# Order queue, who's first?



## somebodyhere (13 April 2007)

Hi

I've been wondering about who's first when submitting orders.

Suppose a share is currently trading at $1.20.

If I set a BUY order at $1.00 today, and tomorrow another person (person B) sets a BUY order at $1.00, I will be first in the queue should the share drops, right?

Also tomorrow, person C comes along and sets BUY order at $1.10, so he's ahead of me in the line.
But then, the day after tomorrow, I AMEND my order to $1.10 as well. Who is first in the queue, me or person C?

What if two people set an order at the same price and at the same second (unlikely, I know). Who's first? Do big brokers get higher priority?

What if I create an order at 8pm today and another person creates an order at 8:30pm? What if it's at 9am and 9:30am (which is pre-open)? Does it matter since it's outside trading hours?

Also, suppose my BUY order is partially fulfilled. Is it possible that another person also has a partially fulfilled BUY order (at the same price)?

Thanks a lot.


----------



## constable (13 April 2007)

If you change your price you're last in the queue!
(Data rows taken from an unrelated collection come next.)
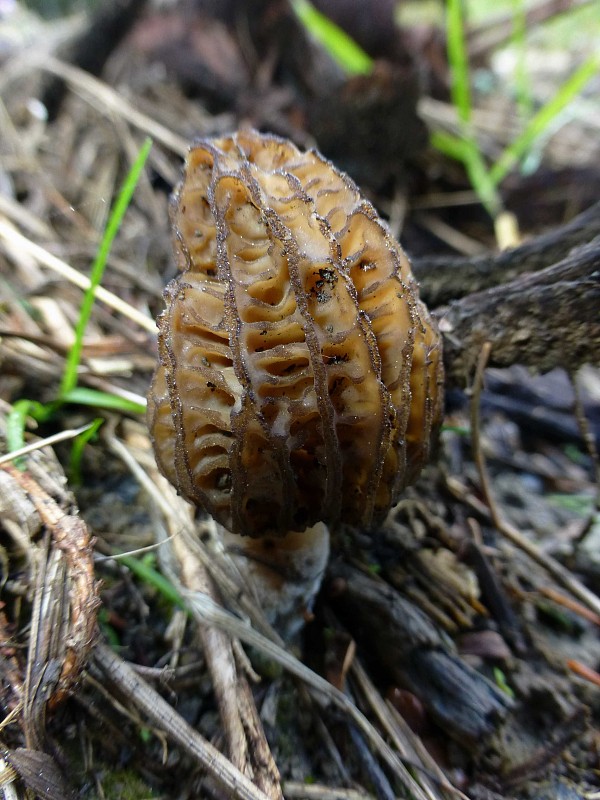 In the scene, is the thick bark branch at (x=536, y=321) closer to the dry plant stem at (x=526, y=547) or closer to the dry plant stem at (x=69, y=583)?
the dry plant stem at (x=526, y=547)

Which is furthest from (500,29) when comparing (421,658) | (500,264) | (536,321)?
(421,658)

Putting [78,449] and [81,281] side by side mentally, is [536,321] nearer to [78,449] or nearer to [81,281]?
[78,449]

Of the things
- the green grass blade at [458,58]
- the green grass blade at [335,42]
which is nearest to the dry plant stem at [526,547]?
the green grass blade at [458,58]

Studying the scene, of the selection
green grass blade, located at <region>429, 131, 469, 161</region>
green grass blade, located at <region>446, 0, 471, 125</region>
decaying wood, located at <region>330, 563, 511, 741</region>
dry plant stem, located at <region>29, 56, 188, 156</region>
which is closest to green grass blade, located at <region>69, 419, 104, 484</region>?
decaying wood, located at <region>330, 563, 511, 741</region>

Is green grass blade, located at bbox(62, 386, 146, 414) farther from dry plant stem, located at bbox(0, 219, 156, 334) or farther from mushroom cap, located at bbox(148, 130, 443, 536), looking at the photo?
mushroom cap, located at bbox(148, 130, 443, 536)

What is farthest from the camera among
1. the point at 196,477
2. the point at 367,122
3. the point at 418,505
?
the point at 367,122

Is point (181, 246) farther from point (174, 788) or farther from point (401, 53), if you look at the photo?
point (401, 53)

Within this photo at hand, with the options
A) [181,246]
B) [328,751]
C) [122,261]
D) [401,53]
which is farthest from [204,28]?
[328,751] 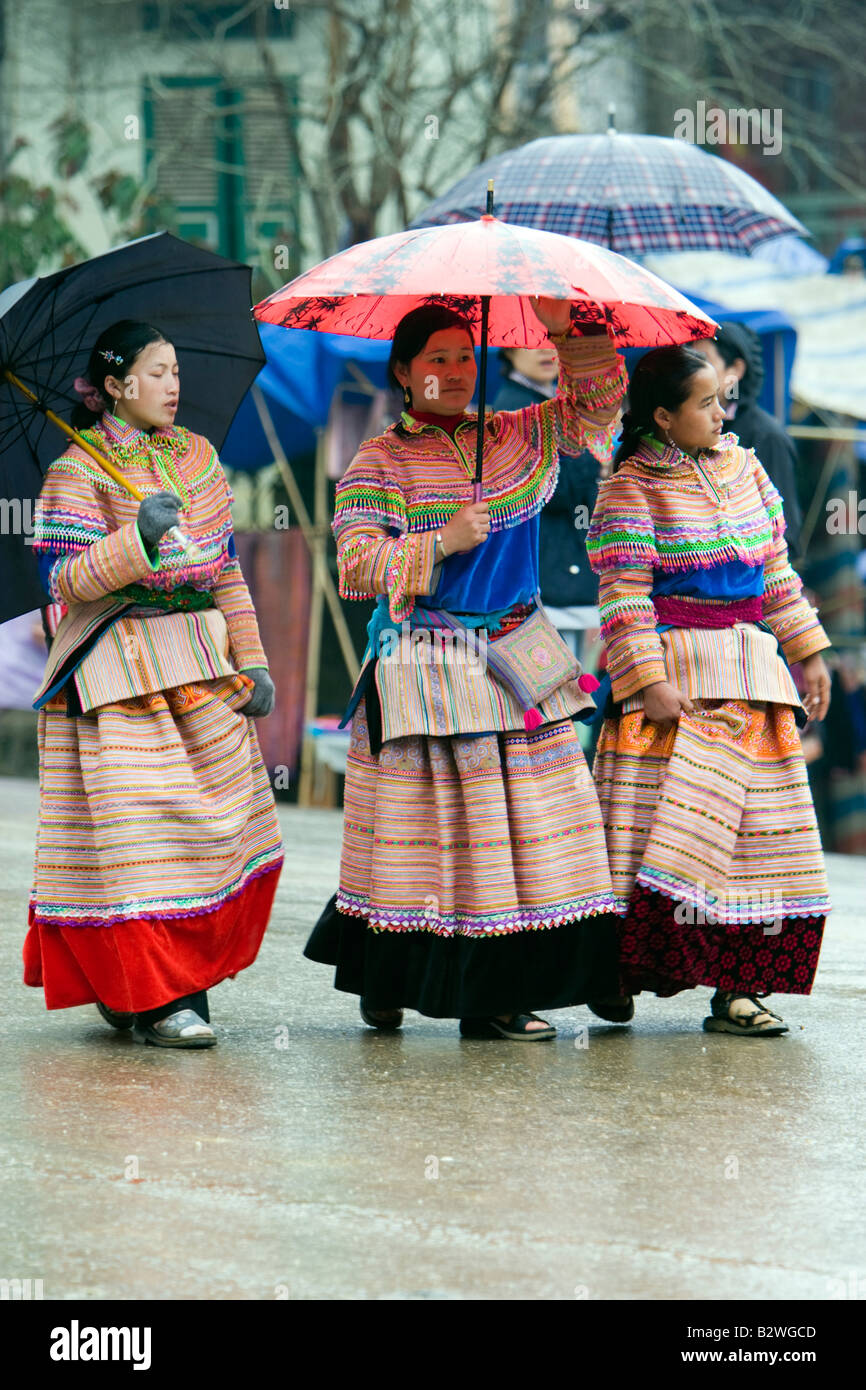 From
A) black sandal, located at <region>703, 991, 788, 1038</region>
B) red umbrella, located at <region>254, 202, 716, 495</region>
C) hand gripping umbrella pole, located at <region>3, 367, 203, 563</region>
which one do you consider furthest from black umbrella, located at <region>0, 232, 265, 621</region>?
black sandal, located at <region>703, 991, 788, 1038</region>

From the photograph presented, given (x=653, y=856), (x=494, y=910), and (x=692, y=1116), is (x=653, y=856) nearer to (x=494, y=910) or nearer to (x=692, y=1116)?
(x=494, y=910)

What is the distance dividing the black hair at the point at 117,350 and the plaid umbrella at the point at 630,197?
8.19 feet

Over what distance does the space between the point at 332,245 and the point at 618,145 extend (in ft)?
20.1

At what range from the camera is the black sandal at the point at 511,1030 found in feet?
16.0

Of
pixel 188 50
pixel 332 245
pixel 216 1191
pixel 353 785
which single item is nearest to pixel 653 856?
pixel 353 785

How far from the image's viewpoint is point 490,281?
14.1ft

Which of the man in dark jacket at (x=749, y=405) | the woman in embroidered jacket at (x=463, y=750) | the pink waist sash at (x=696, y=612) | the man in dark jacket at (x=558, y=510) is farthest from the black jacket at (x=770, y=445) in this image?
the woman in embroidered jacket at (x=463, y=750)

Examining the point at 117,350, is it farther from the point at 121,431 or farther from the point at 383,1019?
the point at 383,1019

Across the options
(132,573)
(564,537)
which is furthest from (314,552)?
(132,573)

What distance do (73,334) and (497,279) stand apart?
118 centimetres

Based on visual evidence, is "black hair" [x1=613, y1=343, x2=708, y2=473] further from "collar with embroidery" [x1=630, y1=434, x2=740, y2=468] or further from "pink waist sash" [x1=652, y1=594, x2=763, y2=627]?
"pink waist sash" [x1=652, y1=594, x2=763, y2=627]

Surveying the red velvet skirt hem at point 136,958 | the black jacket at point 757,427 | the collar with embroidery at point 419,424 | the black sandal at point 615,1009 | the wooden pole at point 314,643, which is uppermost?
the collar with embroidery at point 419,424

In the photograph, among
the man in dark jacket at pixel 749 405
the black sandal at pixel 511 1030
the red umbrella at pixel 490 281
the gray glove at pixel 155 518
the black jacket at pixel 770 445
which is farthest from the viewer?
the black jacket at pixel 770 445

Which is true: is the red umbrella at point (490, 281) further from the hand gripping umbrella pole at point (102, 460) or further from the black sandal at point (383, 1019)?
the black sandal at point (383, 1019) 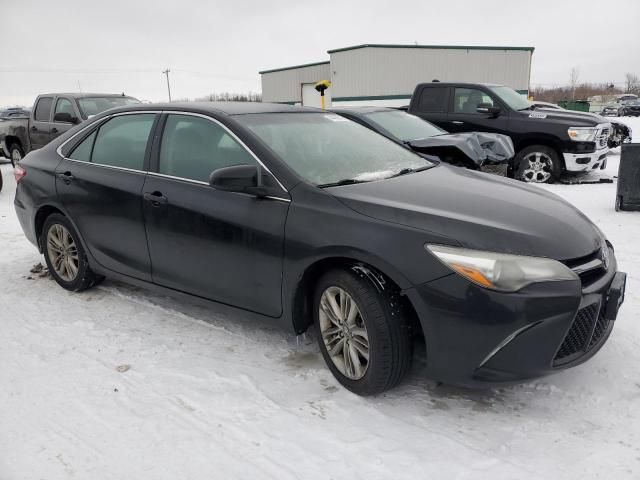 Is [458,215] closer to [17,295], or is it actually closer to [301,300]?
[301,300]

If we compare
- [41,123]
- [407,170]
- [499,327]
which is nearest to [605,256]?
[499,327]

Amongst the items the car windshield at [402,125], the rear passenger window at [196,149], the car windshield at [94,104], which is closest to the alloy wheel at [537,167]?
the car windshield at [402,125]

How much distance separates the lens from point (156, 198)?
354 cm

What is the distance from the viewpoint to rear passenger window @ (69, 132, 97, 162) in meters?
4.24

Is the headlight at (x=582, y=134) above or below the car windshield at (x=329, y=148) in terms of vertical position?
below

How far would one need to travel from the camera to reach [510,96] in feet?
31.8

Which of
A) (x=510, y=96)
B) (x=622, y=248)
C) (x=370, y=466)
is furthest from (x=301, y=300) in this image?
(x=510, y=96)

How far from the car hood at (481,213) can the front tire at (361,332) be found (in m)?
0.40

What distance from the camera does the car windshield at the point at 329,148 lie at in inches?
126

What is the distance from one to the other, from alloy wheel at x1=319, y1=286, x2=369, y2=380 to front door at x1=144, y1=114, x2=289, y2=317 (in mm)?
312

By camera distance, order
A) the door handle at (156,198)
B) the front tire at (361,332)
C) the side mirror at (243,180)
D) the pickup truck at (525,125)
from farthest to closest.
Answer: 1. the pickup truck at (525,125)
2. the door handle at (156,198)
3. the side mirror at (243,180)
4. the front tire at (361,332)

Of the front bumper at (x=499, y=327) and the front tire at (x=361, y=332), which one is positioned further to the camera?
the front tire at (x=361, y=332)

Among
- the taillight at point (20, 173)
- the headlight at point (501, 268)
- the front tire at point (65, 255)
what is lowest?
the front tire at point (65, 255)

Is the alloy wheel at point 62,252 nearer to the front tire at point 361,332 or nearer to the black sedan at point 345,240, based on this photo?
the black sedan at point 345,240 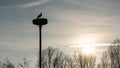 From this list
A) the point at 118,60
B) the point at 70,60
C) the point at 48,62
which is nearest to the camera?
the point at 118,60

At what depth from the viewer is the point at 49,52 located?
113 metres

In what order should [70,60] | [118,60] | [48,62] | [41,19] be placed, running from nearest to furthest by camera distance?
[41,19]
[118,60]
[48,62]
[70,60]

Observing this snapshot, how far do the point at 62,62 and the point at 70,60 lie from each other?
241 cm

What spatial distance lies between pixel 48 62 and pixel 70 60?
920 cm

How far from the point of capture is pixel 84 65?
112m

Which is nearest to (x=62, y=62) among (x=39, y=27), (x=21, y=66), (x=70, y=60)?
(x=70, y=60)

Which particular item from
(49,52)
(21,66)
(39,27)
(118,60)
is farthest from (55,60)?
(39,27)

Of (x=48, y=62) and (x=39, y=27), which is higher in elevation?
(x=39, y=27)

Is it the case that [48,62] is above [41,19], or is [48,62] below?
below

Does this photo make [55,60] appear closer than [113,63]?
No

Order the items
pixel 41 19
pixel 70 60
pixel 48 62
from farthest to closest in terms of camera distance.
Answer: pixel 70 60
pixel 48 62
pixel 41 19

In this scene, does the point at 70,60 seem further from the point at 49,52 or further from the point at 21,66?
the point at 21,66

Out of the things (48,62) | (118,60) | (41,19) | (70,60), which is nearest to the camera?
(41,19)

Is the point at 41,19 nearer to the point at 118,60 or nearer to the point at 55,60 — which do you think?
the point at 118,60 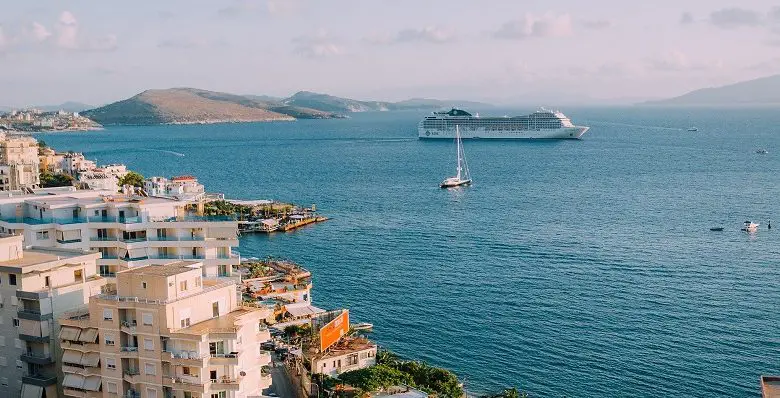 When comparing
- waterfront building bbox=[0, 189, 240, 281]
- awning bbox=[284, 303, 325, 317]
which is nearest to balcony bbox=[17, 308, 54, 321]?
waterfront building bbox=[0, 189, 240, 281]

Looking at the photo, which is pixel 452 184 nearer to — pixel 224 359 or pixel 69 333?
pixel 69 333

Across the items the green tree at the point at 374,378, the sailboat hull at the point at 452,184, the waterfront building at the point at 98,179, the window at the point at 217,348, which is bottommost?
the green tree at the point at 374,378

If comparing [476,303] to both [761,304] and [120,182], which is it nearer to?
[761,304]

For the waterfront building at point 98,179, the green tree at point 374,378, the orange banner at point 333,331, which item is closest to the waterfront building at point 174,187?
the waterfront building at point 98,179

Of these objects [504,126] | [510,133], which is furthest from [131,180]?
[504,126]

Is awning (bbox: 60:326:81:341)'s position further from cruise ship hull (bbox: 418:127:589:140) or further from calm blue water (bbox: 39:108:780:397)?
cruise ship hull (bbox: 418:127:589:140)

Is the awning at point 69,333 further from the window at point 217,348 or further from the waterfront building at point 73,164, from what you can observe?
the waterfront building at point 73,164

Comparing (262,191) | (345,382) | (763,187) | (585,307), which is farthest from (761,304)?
(262,191) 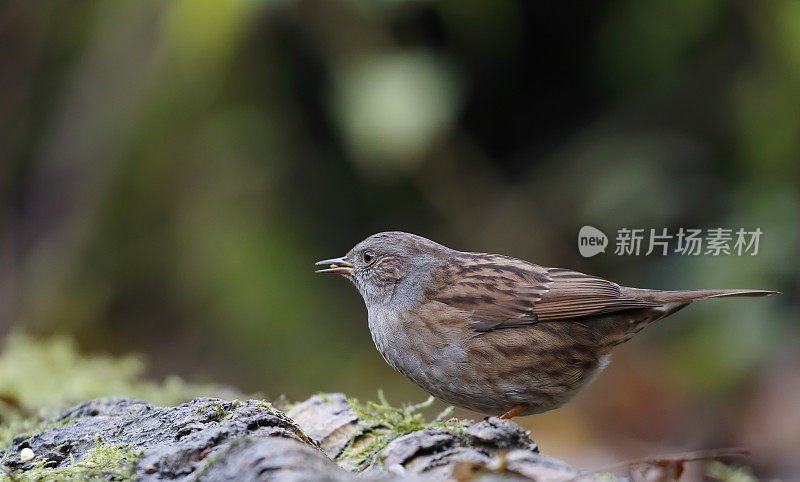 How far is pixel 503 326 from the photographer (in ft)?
13.1

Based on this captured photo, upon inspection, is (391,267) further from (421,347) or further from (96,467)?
(96,467)

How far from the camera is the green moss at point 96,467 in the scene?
2457 mm

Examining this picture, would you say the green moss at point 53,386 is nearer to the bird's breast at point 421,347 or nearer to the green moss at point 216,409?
the green moss at point 216,409

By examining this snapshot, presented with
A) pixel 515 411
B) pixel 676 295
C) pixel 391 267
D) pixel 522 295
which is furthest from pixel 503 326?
pixel 676 295

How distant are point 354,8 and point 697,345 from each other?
320 centimetres

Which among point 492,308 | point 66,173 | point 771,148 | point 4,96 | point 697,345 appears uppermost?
point 4,96

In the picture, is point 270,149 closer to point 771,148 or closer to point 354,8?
point 354,8

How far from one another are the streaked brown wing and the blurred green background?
1.46 meters

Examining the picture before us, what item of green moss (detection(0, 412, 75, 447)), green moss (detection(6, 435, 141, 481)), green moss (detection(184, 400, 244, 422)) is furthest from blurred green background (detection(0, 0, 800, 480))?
green moss (detection(6, 435, 141, 481))

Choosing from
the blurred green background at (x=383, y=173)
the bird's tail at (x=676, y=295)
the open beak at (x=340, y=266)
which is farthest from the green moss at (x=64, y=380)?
the bird's tail at (x=676, y=295)

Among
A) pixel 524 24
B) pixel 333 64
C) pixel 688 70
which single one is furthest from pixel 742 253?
pixel 333 64

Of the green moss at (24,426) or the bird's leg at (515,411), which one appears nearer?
the green moss at (24,426)

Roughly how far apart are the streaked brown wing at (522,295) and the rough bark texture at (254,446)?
0.85 metres

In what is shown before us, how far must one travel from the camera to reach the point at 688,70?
20.2 ft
If you increase the units on order while there are people behind you, your additional units will also go to the back of the queue!
Out of hour orders will depend on when your broker places them in the morning.


----------



## x2rider (13 April 2007)

Yeah, what constable said.
First in first served. Or first up best dressed.

 Cheers martin


----------



## somebodyhere (14 April 2007)

Thanks.



constable said:


> If you increase the units on order while there are people behind you, your *additional* units will also go to the back of the queue!




But the original units will still be at the front, right? and if i reduce the units, they will still be at the front?



constable said:


> Out of hour orders will depend on when your broker places them in the morning.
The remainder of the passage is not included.